ACTIVITY → Among the entries below, extract exactly the lines that run from the one with "Lugnande Regn Låter - Regnskur" through the one with "green free photo", both ends included.
▼
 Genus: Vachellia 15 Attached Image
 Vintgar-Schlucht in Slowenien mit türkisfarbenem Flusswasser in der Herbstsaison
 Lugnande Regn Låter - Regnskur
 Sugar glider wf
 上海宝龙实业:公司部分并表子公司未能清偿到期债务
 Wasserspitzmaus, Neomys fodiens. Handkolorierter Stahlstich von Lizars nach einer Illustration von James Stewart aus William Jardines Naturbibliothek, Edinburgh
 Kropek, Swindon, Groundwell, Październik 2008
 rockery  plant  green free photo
▲
▼
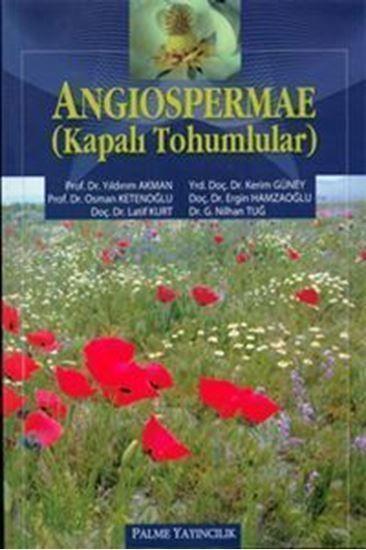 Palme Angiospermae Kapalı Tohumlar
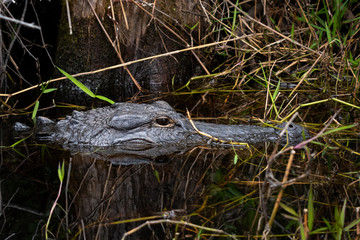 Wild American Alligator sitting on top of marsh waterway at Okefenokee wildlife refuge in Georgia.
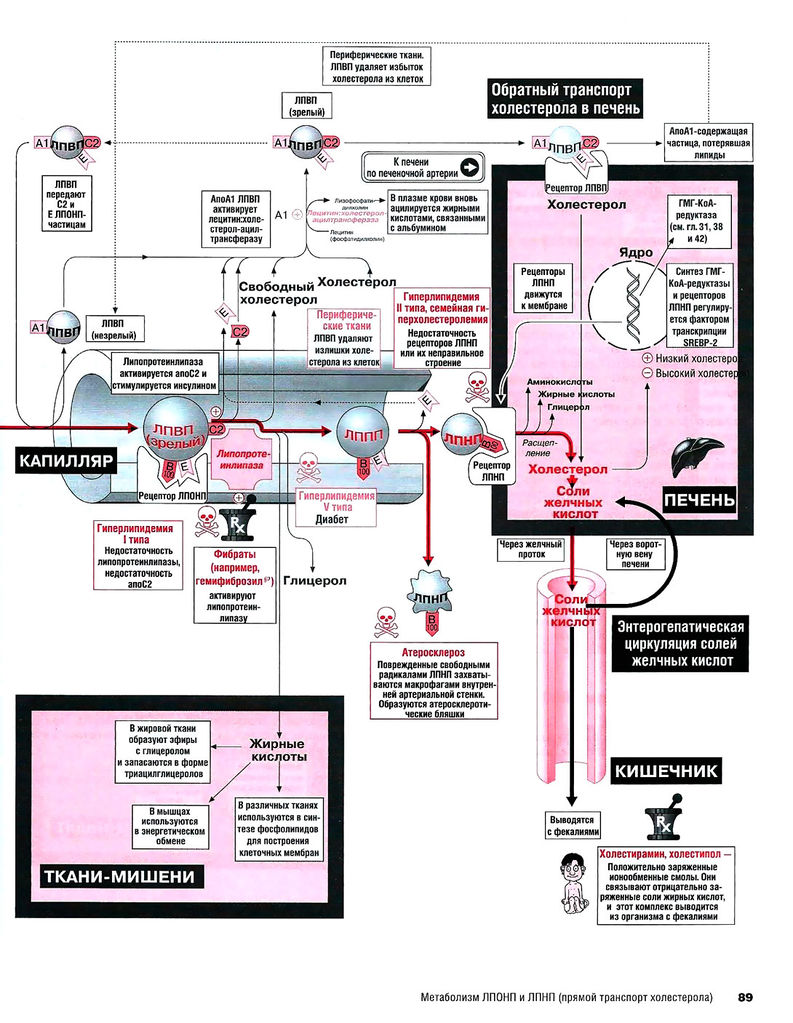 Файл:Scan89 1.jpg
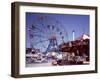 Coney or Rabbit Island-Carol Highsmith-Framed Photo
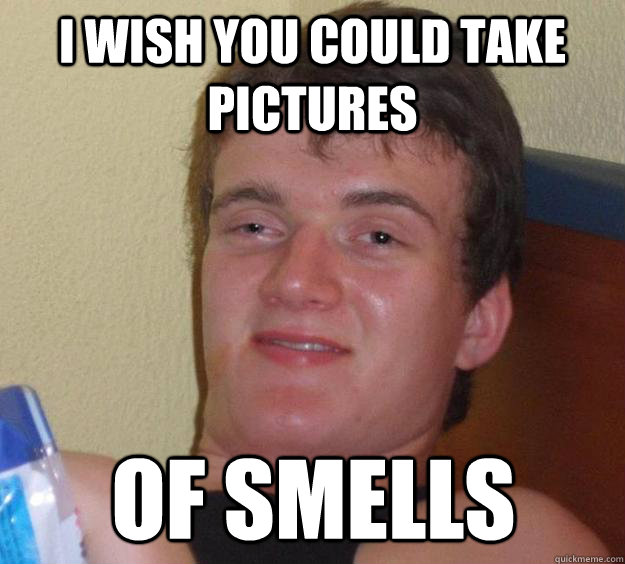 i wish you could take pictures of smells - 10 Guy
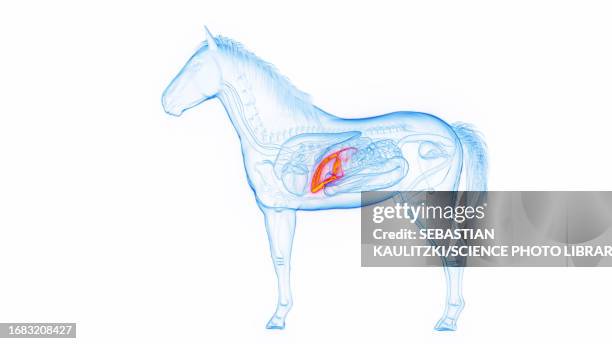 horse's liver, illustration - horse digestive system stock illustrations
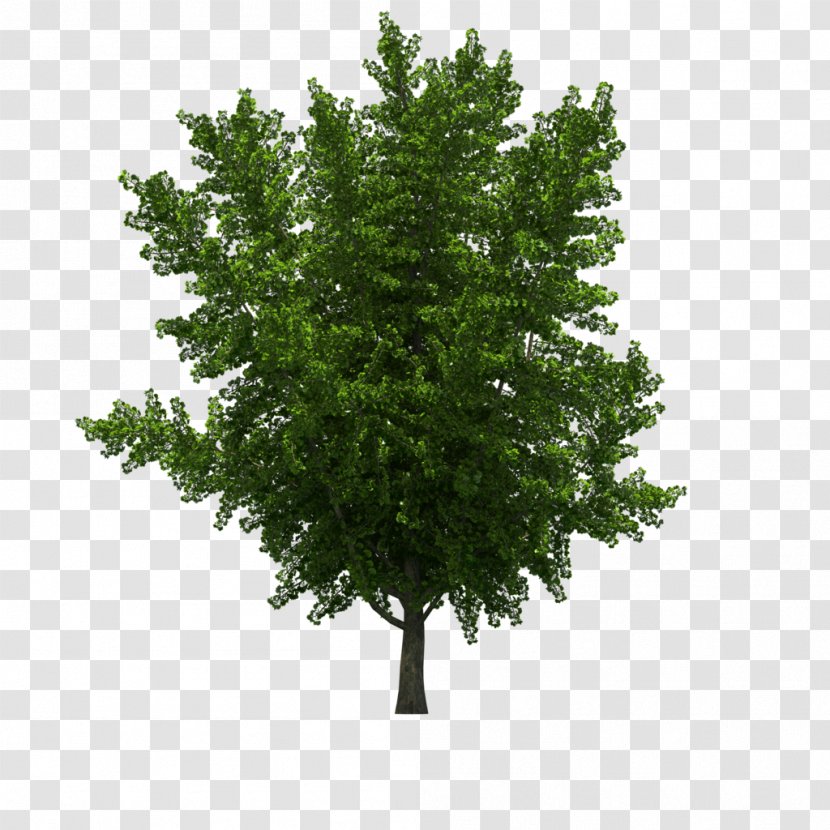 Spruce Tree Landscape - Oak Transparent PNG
▲
TASK OUTPUT →
 Lugnande Regn Låter - Regnskur
 Sugar glider wf
 上海宝龙实业:公司部分并表子公司未能清偿到期债务
 Wasserspitzmaus, Neomys fodiens. Handkolorierter Stahlstich von Lizars nach einer Illustration von James Stewart aus William Jardines Naturbibliothek, Edinburgh
 Kropek, Swindon, Groundwell, Październik 2008
 rockery  plant  green free photo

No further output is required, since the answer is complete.